PROMPT
Lines from the one containing "Închiriez apartament cu 3 camere" through the last line of the records below need to be repeated exactly; nothing else, and no pictures.

Data extracted from a collection
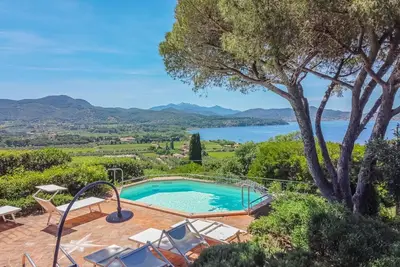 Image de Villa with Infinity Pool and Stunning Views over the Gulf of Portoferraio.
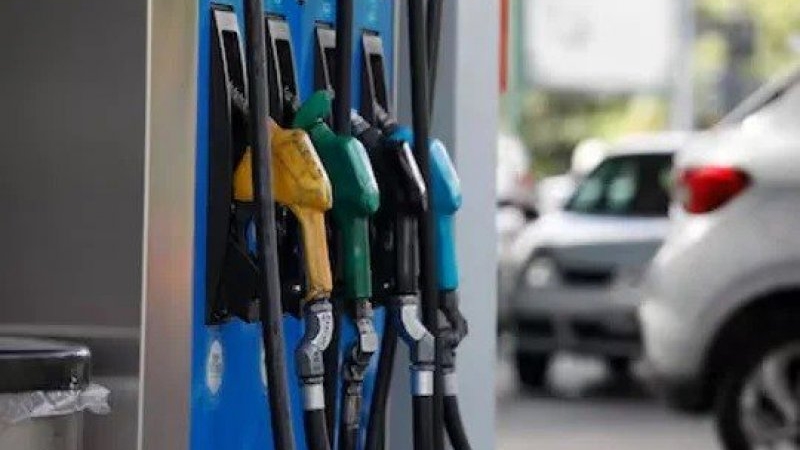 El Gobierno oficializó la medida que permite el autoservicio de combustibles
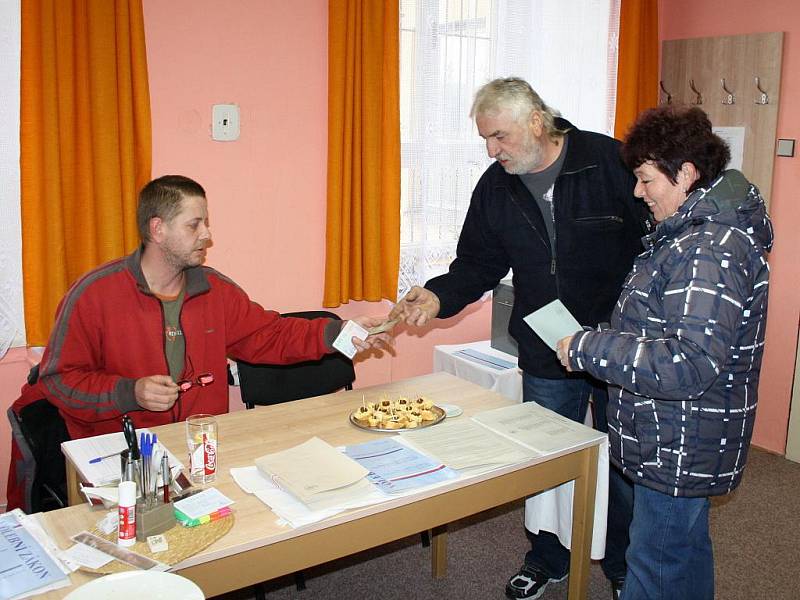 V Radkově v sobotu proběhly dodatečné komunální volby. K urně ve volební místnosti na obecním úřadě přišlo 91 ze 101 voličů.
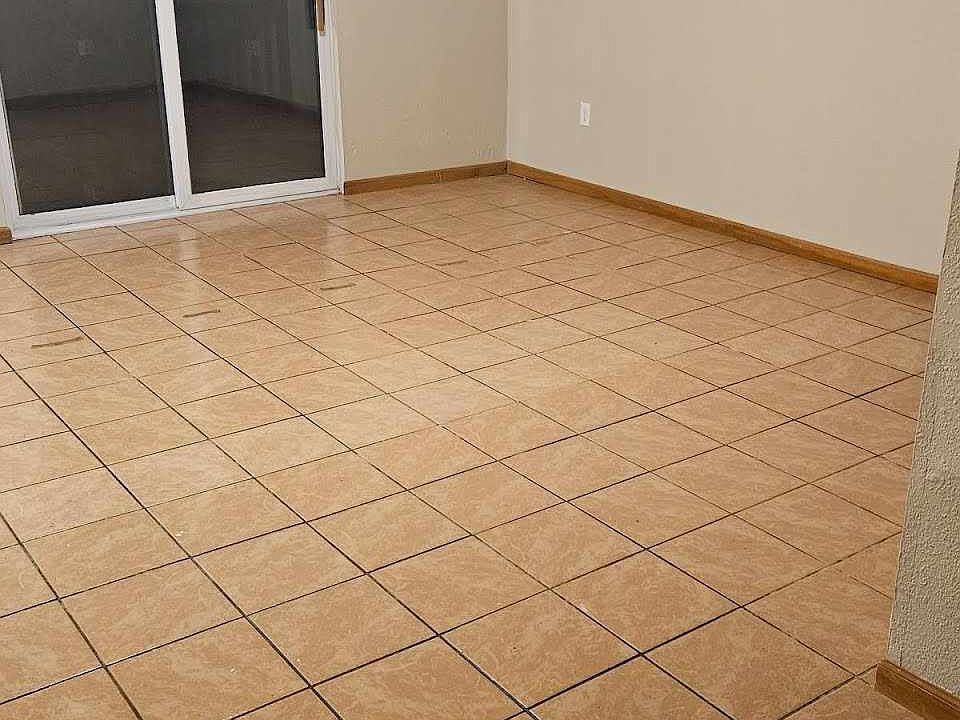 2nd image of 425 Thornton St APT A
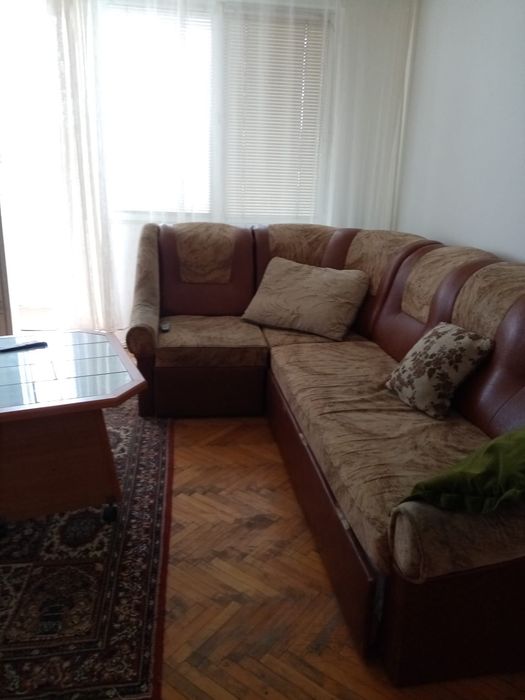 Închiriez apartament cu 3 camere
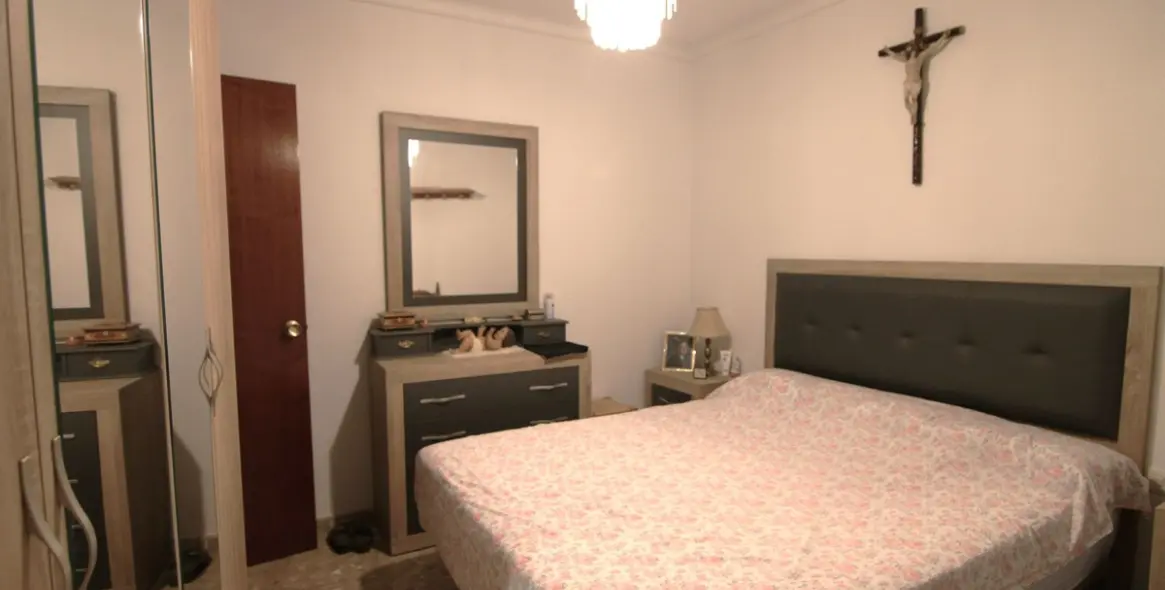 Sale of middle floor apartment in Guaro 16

RESPONSE AREA
 Închiriez apartament cu 3 camere
 Sale of middle floor apartment in Guaro 16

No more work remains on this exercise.